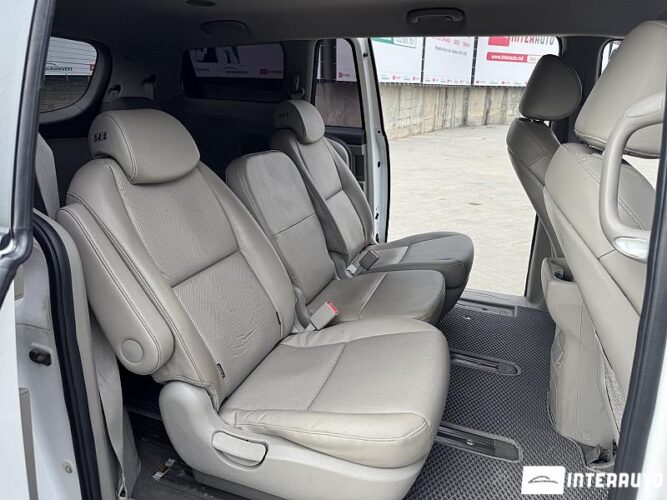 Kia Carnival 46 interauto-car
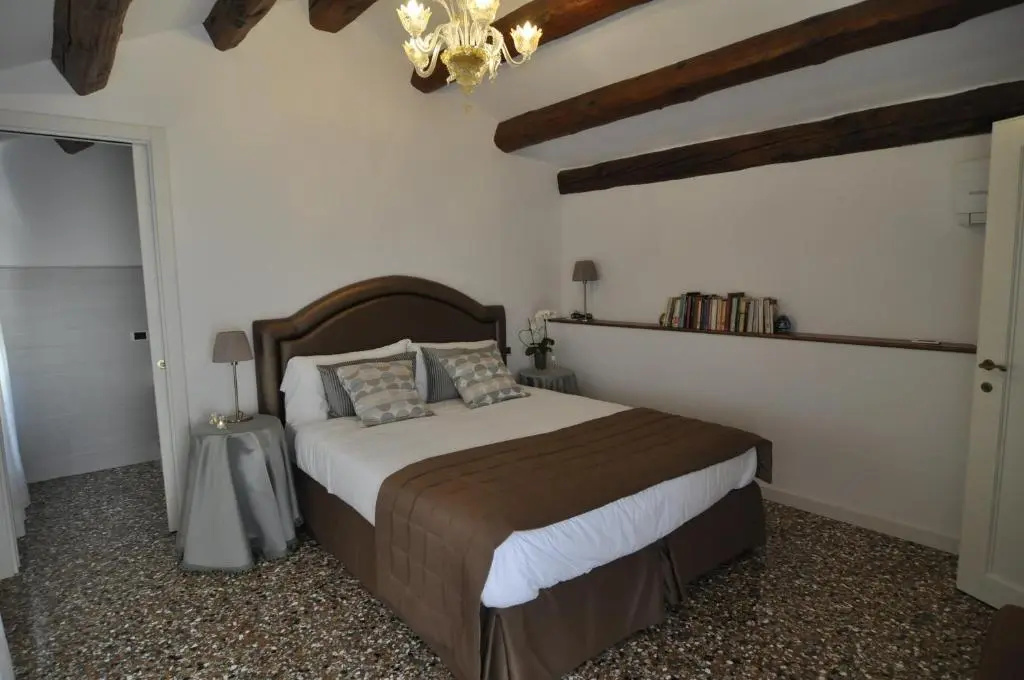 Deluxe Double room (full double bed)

════════════════════

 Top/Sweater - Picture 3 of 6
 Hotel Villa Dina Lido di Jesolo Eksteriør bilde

════════════════════

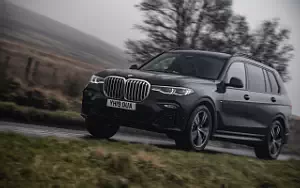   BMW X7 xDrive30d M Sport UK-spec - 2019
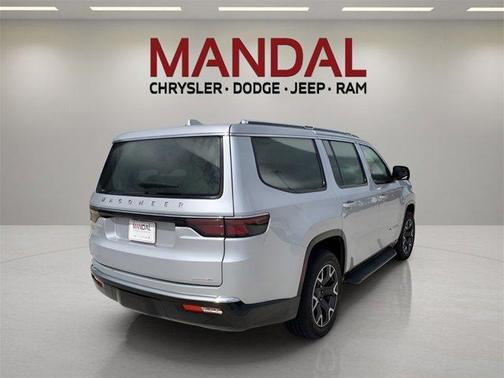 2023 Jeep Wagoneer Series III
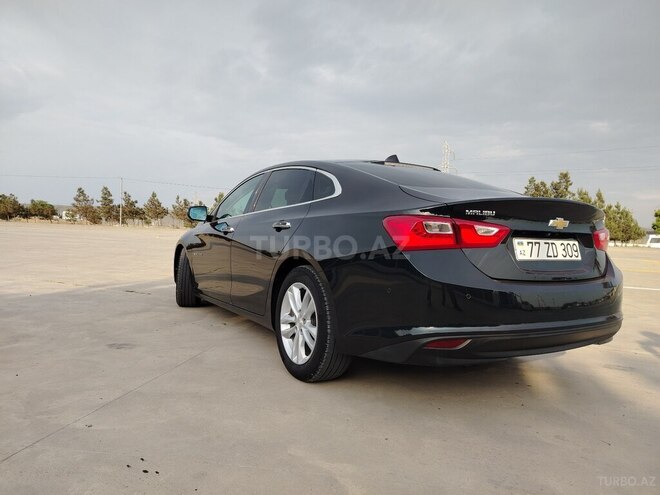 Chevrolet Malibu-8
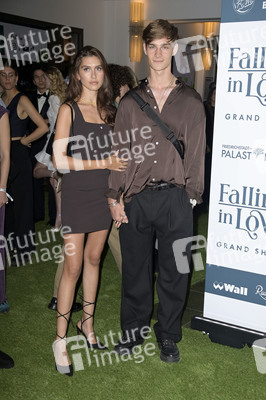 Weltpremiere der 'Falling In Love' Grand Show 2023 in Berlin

════════════════════

EXERCISE REQUIREMENTS:
For this task, write out exactly the lines of the entries above, starting at the line with "Top/Sweater - Picture 3 of 6" and ending at the line with "Hotel Villa Dina", both included, and no others.

RESPONSE BOX:
 Top/Sweater - Picture 3 of 6
 Hotel Villa Dina Lido di Jesolo Eksteriør bilde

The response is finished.